Every Italian distributor in the industry will be at the screenings at Cannes, but ask if he’ll be buying new product and “I hope so,” is the most common reply.
Despite a slight boost in the number of tickets sold this past season, Italo distribs are increasingly surrounded by problems. With the exception of Penta, which pairs the combined might of the country’s largest producers Mario and Vittorio Cecchi Gori with tv baron Silvio Berlusconi, Italo distribs are finding it more and more difficult to find, acquire and release their product.
Too many films
“It’s getting harder and harder for an indie distrib to survive in this market,” said one longtime distributor.

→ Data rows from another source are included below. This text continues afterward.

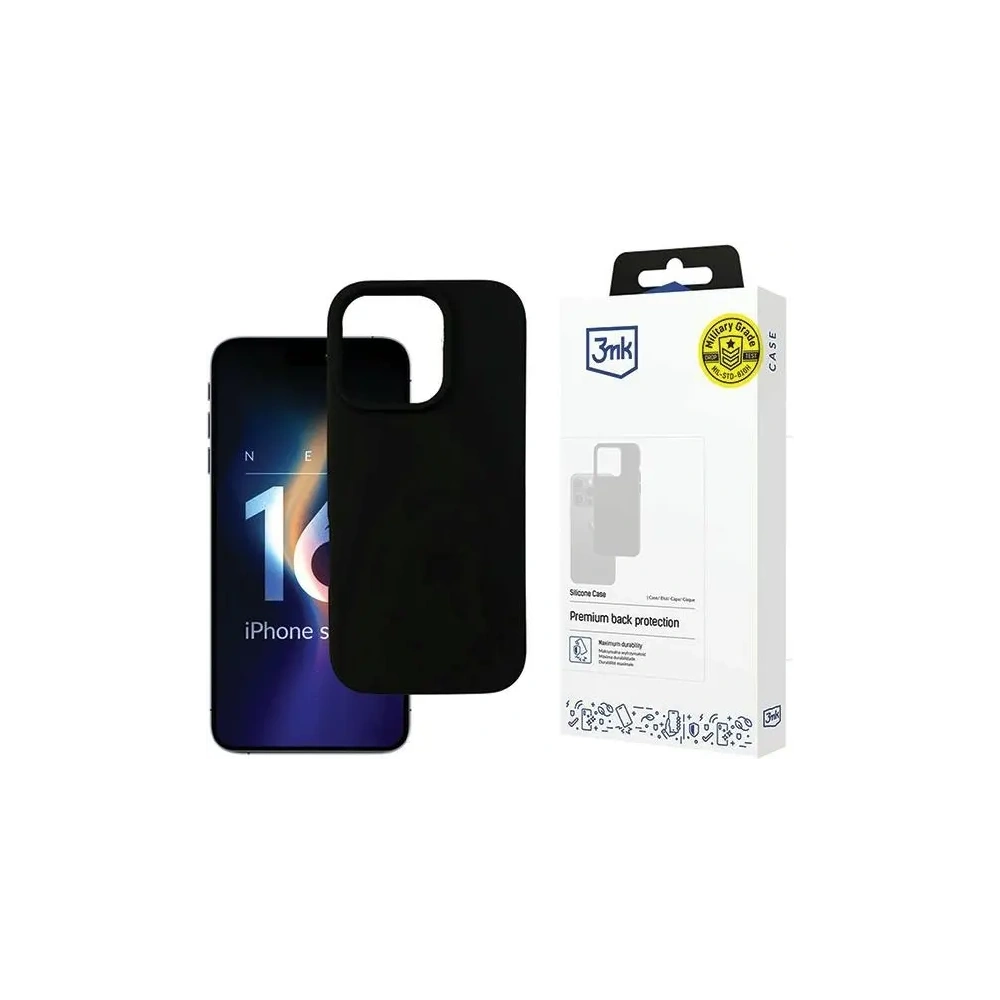 Wholesale 3MK Silicone Case Apple iPhone 16 Pro black - 3MK15523 - {ean13} - Hurt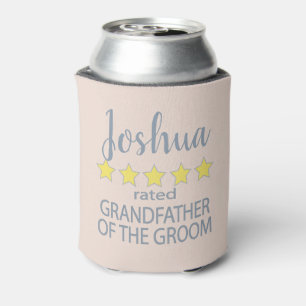 Bridal & Wedding Party 5 Star Grandfather of Groom Can Cooler
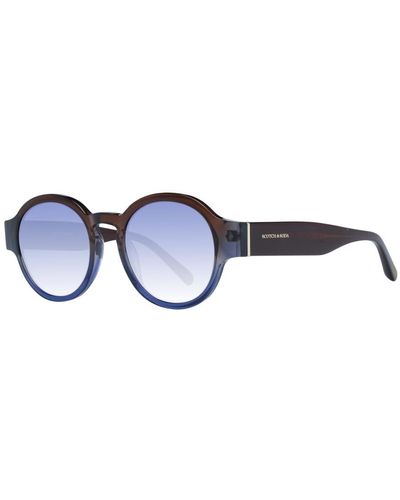 Scotch & Soda Round Sunglasses With Gradient Lenses - Blue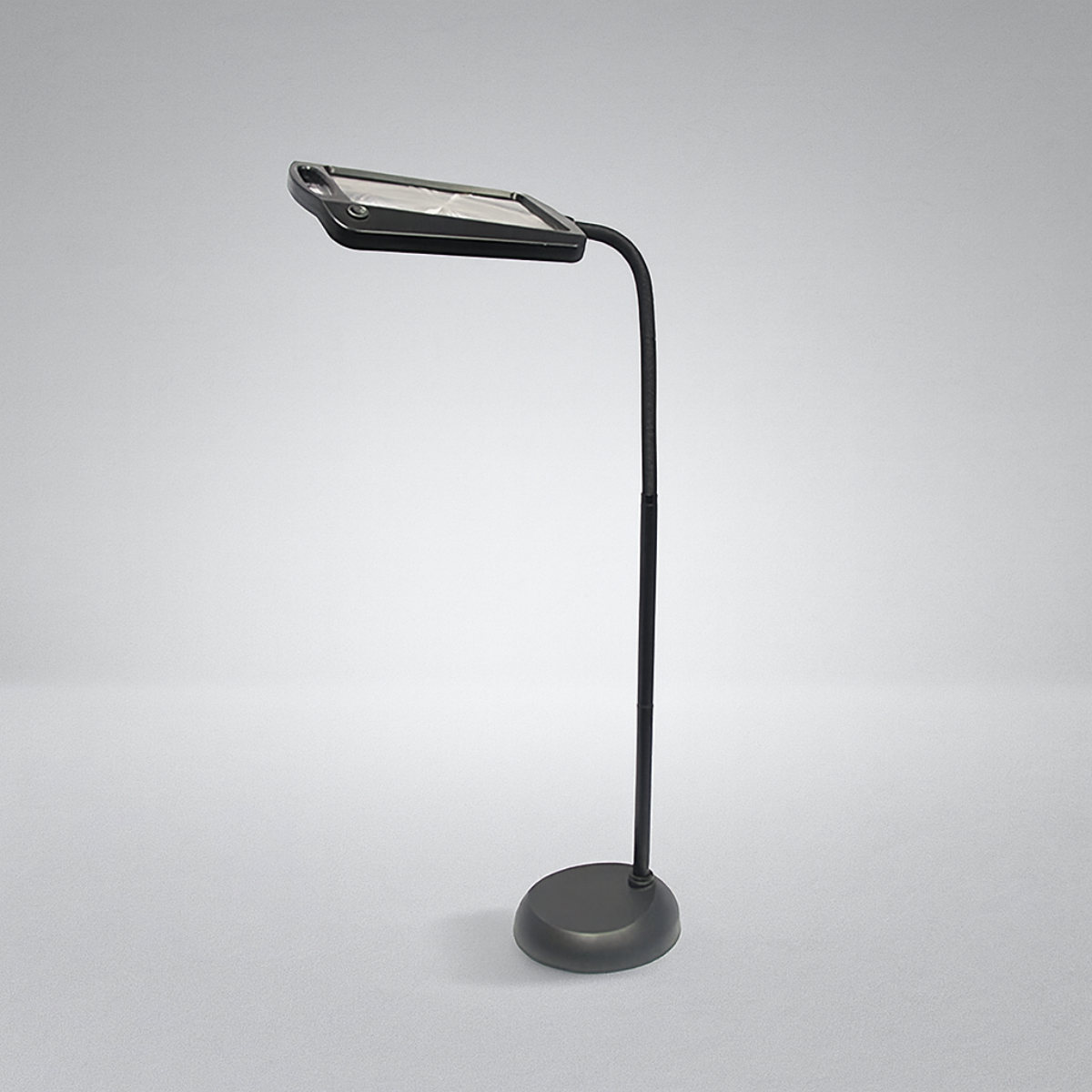 LED lampa do czytania z lupą i elastycznym ramieniem (3x powiększenie)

Why? “First of all, there are too few theaters releasing too many films. The resulting logjam of product is a headache for the American majors as well, not just the indies,” explained BIM topper Valerio De Paolis.
Secondly, Penta has a very aggressive acquisitions strategy, buying more films and more so-called classic product. This strategy drives up prices – the tag for Italo rights to Almodovar’s next film has increased from $700,000 to $1.2 million in a matter of weeks.
Thirdly, tv networks are buying rights to fewer films each year and are interested only in the blockbusters from the majors, cutting out an important source of revenue for indie distribs. “This market has become like Michael Crichton’s book ‘Jurassic Park.’ An island full of dinosaurs, one devouring the other,” said BIM’s De Paolis.
Nonetheless, each of the country’s 10 or so main indie distributors will be hoping to find a hot new property at Cannes. With a slate of 80 films ready to go for next year, Penta Distribuzione may not seem to be in need of acquiring more product. But Claudio Tinari, the exec in charge of Penta’s international department, said he will be scouting for new titles for 1992.
“Any strong commercial film is attractive for us. But we’re also interested in smaller titles like, say, ‘Cafe Europa,'” said Tinari. BIM’s Valerio De Paolis will be looking for up to five new pics at Cannes, which will be released in Italy Columbia/Tri-Star through a new 10-pic per year deal between the two.
Other indies, like Academy, Titanus and Lucky Red, react to the more competitive market by getting involved in the production of films they release.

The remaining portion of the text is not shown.